Buyer in Ordinary Course 
There is also substantial evidence that Heinrich was a ‘‘buyer in ordinary course of business’’ although the trial court referred to him as a ‘‘good faith purchaser for value.’’ A buyer in ordinary course of business is

a person who in good faith and without knowledge that the sale to him is in violation of the ownership rights or security interest of a third party in the goods buys in ordinary course from a person in the business of selling goods of that kind[.] 1–201(9). ‘‘Buying’’ includes receiving goods * * * under a pre-existing contract for sale.’’ 1–201(9). Good faith is ‘‘honesty in fact in the conduct or transaction concerned.’’ 1– 201(19).

   The amount of the consideration is significant as evidence of good faith. [Citation.] Heinrich gave substantial value for the truck, more than Wilson agreed to pay Titus-Will. Nor did Heinrich know or have a basis to believe that Wilson’s sale and delivery of the truck to him violated Titus-Will’s ownership or security interest rights. There was no showing that Heinrich acted other than in good faith. * * * Wilson’s illegal and fraudulent activity does not taint Heinrich’s status as a buyer under 2–403(2). When Heinrich accepted delivery after previously paying Wilson, Heinrich was ‘‘buying’’ as defined by 1–201(9).

Timing of Entrustment 
Titus-Will also argues that the UCC entrustment provisions should not apply because it entrusted the truck to Wilson after Heinrich had completely paid Wilson. This is an issue of first impression in this jurisdiction.

   Before the completion of the Wilson–Heinrich sales transaction, Titus-Will entrusted Wilson not only with the truck, but also with the signed odometer disclosure statement, the owner’s manual, the warranty card, and the keys. By doing so, Titus-Will clothed Wilson with additional indicia of ownership and with the apparent authority to transfer an ownership interest in the truck.
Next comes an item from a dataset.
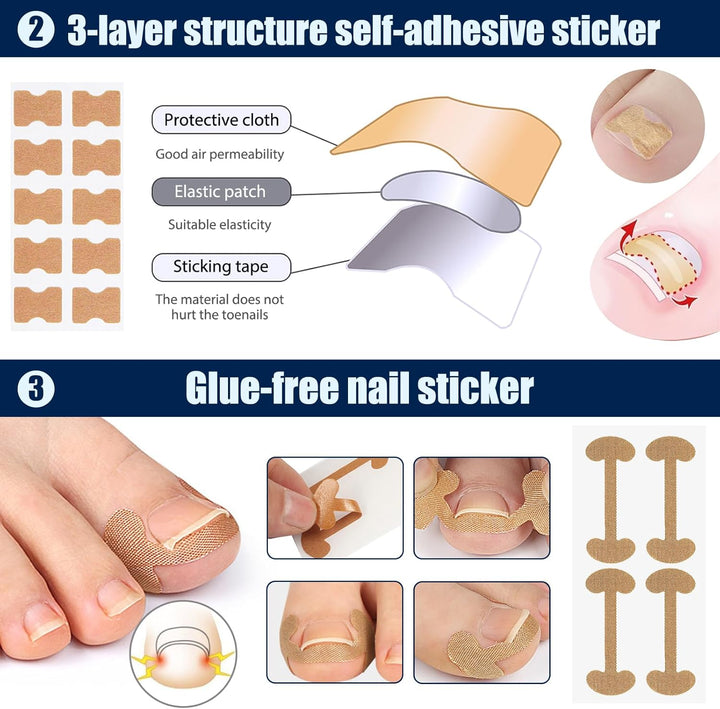 Ingrown Toenail Removal Kit Ingrown Toenail Treatment Tool Kit Ingrown Toenail Corrector Tools with Toenail Braces, Podiatry Tools, Ingrown Toenail Corrector Strips and Patch for Toe Pain Relief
It also enabled Wilson to complete the sales transaction. 2–401(2) (‘‘Unless otherwise explicitly agreed title passes to the buyer at the time and place at which the seller completes his performance with reference to the physical delivery of the goods’’). In addition, the entrustment allowed Wilson to continue to deceive Heinrich from October 21, 1989, the date of delivery of possession, to November 9, 1989, when Wilson finally admitted the truth. We believe that under these circumstances, application of the entrustment doctrine, 2–403(2), furthers the policy of protecting the buyer who relies on the merchant’s apparent legal ability to sell goods in the merchant’s possession. 

   The second rationale for the entrustment doctrine also supports its application here. Titus-Will, in the business of selling cars, was in a better position than Heinrich to protect itself against another dealer/broker who might fail to pay for the goods. It could have insured against the loss, and it could have adopted preventive procedures. * * * The third rationale for the entrustment doctrine focuses on the flow of commerce. Here we consider the potential impact on commercial transactions of requiring purchasers to research their dealer/broker’s legal title before accepting possession of the goods. Although the record contains no evidence on this issue, it seems obvious that this requirement would inevitably cause some delay. [Citation.]

   Requiring the entruster to retain the burden of risk, even when the entrustment occurs after a third party purchaser gives value, supports the policies underlying the entrustment doctrine. * * * The trial court did not err in applying the entrustment doctrine and granting replevin.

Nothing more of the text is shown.